> _What the exercise asks_
Copy the data below. Keep every line exactly as it is.

> _Given material_
- Opening Delimiter -

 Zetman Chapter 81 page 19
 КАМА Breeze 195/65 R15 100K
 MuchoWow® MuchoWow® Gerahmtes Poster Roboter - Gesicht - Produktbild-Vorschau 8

- Closing Delimiter -

> _Answer space_
 Zetman Chapter 81 page 19
 КАМА Breeze 195/65 R15 100K
 MuchoWow® MuchoWow® Gerahmtes Poster Roboter - Gesicht - Produktbild-Vorschau 8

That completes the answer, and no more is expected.